Les écrivains eux-mêmes sont partagés sur le but de la littérature. Par exemple, Théophile Gautier, le chef de file des Parnassiens, revendique « l’Art pour l’Art ». Ce mouvement a une théorie suivant laquelle l’art n’a d’autre fin que lui-même, et qu’il ne sert à rien d’autre. Il refuse l’idée d’une oeuvre « utile », au nom de la beauté qui doit rester « gratuite ». Ce type d’'oeuvre a donc évidemment peu de portée sur la société. 

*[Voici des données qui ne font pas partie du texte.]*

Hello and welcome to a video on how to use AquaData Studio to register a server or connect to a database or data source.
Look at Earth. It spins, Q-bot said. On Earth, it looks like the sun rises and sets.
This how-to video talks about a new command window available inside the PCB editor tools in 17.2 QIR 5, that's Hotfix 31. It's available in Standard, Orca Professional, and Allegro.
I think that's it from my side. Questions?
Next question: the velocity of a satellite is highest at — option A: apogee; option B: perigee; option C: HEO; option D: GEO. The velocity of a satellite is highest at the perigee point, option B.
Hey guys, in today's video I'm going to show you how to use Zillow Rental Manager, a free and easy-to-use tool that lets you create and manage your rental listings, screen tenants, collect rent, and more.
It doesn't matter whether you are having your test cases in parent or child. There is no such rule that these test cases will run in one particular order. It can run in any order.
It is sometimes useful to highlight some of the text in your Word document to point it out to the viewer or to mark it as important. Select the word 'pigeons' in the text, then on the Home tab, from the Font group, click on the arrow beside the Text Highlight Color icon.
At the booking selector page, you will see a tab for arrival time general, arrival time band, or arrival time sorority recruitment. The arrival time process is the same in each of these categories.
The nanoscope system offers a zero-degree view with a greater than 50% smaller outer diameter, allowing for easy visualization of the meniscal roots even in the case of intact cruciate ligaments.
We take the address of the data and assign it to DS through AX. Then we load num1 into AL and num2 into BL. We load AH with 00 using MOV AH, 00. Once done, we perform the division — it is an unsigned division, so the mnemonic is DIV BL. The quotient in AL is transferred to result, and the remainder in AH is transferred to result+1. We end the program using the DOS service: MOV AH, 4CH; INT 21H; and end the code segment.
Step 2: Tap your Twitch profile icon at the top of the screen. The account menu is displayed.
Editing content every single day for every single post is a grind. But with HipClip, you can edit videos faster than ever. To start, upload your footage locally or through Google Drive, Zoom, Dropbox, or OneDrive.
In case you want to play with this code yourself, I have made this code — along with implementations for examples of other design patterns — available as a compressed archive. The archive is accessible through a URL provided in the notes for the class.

        On peut malgré tout penser que, si la littérature n’améliore pas la société, elle améliore au moins le niveau culturel des individus qui la composent en développant chez eux le sens de l’esthétique et leur esprit critique. Pour affiner ce dernier, il suffit, selon Diderot, d’oser penser soimême. Kant, philosophe allemand du XVIIIème siècle, dans Qu’est-ce que les Lumières ?, conseille également de « faire usage public de sa raison dans tous les domaines […], d’avoir le courage de se servir de son propre entendement ».
 Le fait de se confronter à des points de vue différents contribue à une certaine ouverture sur le monde. La vie des protagonistes, les évènements qu’ils vivent, permettent au lecteur de s’identifier à eux, et ainsi de s’approprier les personnages, leur expérience, pour se forger leur opinion et ne pas reproduire les mêmes erreurs. De cette manière, les apologues, des récits à portée moralisatrice, donnent une leçon au lecteur, comme par exemple les Fables de La Fontaine. En outre, la lecture permet de s’évader, d’entrer dans un autre univers, et améliore le quotidien de nombreux lecteurs. 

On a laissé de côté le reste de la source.